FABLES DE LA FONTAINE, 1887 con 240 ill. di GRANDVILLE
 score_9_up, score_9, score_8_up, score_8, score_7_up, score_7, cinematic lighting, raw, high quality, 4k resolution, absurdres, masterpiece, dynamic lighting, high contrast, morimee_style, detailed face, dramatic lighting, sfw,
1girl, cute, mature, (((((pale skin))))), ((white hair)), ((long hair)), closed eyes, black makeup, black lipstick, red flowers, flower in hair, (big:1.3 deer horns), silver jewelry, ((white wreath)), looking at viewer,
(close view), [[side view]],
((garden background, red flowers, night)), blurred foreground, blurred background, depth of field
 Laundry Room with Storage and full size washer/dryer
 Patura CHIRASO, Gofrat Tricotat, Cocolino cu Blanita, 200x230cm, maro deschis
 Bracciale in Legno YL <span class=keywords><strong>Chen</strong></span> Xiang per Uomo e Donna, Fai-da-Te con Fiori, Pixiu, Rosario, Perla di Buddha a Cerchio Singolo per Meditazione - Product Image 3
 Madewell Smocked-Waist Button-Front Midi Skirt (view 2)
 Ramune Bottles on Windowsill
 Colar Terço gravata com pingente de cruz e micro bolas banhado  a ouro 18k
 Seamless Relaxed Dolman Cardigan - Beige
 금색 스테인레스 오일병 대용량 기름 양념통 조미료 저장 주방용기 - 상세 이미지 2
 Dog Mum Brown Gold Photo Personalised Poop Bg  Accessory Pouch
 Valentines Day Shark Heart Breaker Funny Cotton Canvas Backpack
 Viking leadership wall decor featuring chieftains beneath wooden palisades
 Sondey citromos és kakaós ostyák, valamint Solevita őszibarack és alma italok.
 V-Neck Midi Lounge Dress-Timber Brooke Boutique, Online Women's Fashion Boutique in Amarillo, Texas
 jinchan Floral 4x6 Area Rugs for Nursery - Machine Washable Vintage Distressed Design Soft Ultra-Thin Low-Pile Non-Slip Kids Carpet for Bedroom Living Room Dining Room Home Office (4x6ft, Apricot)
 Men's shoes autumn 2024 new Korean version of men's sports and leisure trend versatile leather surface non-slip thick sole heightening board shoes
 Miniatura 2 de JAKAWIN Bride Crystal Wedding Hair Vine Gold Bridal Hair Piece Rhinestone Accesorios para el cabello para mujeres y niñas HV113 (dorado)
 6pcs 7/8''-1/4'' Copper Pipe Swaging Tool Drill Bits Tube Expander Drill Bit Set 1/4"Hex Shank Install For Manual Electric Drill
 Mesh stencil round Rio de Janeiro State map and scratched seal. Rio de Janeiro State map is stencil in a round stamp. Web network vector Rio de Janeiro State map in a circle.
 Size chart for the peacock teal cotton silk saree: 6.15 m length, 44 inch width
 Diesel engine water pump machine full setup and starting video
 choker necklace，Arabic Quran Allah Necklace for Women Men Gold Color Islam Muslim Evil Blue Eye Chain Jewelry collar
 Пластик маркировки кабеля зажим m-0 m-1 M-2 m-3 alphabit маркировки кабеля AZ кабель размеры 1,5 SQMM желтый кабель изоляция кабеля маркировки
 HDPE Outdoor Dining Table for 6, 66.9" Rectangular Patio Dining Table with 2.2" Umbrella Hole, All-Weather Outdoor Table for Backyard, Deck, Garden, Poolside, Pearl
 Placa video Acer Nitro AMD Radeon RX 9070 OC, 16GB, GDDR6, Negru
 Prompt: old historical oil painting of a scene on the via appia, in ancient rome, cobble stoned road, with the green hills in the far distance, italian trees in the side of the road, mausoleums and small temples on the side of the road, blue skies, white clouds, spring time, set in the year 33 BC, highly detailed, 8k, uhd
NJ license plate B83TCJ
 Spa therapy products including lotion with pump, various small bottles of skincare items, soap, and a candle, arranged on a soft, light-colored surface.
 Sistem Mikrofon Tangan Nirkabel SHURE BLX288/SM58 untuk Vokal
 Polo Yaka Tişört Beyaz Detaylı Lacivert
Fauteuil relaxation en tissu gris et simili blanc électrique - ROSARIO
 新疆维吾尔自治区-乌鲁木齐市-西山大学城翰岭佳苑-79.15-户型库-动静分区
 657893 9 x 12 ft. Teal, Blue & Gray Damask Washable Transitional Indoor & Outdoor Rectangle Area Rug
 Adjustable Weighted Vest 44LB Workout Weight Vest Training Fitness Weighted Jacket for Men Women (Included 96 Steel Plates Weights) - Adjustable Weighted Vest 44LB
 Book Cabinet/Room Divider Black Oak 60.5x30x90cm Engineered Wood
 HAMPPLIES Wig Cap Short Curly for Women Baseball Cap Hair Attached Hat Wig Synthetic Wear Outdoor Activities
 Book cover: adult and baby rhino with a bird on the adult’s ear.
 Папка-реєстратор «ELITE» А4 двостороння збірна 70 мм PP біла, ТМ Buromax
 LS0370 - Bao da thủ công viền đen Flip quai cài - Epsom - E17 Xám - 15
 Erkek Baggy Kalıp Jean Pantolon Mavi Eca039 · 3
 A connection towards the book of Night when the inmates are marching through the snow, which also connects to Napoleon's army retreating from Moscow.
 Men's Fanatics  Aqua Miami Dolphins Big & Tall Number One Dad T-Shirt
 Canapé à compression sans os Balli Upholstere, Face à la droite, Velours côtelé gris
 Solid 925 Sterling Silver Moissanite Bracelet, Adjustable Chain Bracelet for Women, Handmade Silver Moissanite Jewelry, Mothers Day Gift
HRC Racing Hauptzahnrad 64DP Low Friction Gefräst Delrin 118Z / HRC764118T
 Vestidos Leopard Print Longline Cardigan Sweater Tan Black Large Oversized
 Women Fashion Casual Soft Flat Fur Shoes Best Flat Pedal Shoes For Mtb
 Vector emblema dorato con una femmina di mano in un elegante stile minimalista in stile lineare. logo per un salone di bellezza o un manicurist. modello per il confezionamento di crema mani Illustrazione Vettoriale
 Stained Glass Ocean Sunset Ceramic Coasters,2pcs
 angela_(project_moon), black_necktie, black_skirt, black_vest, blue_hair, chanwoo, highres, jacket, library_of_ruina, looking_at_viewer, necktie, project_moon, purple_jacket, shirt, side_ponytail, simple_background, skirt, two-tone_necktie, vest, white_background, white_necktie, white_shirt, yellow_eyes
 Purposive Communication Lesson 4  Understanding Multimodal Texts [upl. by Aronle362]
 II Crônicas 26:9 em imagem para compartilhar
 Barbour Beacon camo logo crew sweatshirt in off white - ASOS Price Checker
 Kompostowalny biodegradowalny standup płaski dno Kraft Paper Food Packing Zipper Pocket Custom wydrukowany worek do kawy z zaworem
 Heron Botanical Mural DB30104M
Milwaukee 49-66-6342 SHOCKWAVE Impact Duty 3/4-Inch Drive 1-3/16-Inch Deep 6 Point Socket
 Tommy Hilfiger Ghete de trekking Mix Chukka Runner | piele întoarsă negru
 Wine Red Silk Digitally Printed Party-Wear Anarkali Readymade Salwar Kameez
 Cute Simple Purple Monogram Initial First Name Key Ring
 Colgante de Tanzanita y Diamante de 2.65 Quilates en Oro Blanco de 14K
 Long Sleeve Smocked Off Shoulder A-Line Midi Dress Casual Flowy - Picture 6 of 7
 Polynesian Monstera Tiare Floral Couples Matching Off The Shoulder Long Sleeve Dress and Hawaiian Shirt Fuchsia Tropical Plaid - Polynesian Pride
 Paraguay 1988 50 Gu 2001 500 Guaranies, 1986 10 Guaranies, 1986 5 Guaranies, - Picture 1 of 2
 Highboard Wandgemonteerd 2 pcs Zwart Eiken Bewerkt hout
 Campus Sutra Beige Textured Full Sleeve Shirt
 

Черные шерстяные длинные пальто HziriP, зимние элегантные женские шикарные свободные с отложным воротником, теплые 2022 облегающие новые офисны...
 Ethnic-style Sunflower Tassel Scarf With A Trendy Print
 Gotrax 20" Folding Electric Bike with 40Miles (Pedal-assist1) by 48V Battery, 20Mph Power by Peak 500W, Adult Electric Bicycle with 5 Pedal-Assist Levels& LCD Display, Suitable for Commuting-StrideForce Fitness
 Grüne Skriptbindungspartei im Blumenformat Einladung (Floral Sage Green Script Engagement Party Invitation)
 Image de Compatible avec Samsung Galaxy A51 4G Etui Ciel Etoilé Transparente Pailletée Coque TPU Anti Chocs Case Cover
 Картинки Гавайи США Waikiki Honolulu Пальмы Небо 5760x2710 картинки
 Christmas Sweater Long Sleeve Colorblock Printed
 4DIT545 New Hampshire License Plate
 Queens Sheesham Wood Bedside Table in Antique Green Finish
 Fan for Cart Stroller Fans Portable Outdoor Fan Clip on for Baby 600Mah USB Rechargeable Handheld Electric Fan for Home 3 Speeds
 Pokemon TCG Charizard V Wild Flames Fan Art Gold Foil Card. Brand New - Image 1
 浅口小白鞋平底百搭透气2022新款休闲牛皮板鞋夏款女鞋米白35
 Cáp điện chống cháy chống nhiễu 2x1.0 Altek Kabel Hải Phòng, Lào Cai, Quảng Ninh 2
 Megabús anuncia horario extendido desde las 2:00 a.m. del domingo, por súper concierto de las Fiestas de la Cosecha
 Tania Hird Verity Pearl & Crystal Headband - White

══════════

▶ **WHAT TO DO**:
Everything from the line with "Long Sleeve Smocked" through the line with "for Commuting-StrideForce Fitness" in the listing above must be retyped exactly, with nothing added.

▶ **ANSWER TO THE EXERCISE**:
 Long Sleeve Smocked Off Shoulder A-Line Midi Dress Casual Flowy - Picture 6 of 7
 Polynesian Monstera Tiare Floral Couples Matching Off The Shoulder Long Sleeve Dress and Hawaiian Shirt Fuchsia Tropical Plaid - Polynesian Pride
 Paraguay 1988 50 Gu 2001 500 Guaranies, 1986 10 Guaranies, 1986 5 Guaranies, - Picture 1 of 2
 Highboard Wandgemonteerd 2 pcs Zwart Eiken Bewerkt hout
 Campus Sutra Beige Textured Full Sleeve Shirt
 

Черные шерстяные длинные пальто HziriP, зимние элегантные женские шикарные свободные с отложным воротником, теплые 2022 облегающие новые офисны...
 Ethnic-style Sunflower Tassel Scarf With A Trendy Print
 Gotrax 20" Folding Electric Bike with 40Miles (Pedal-assist1) by 48V Battery, 20Mph Power by Peak 500W, Adult Electric Bicycle with 5 Pedal-Assist Levels& LCD Display, Suitable for Commuting-StrideForce Fitness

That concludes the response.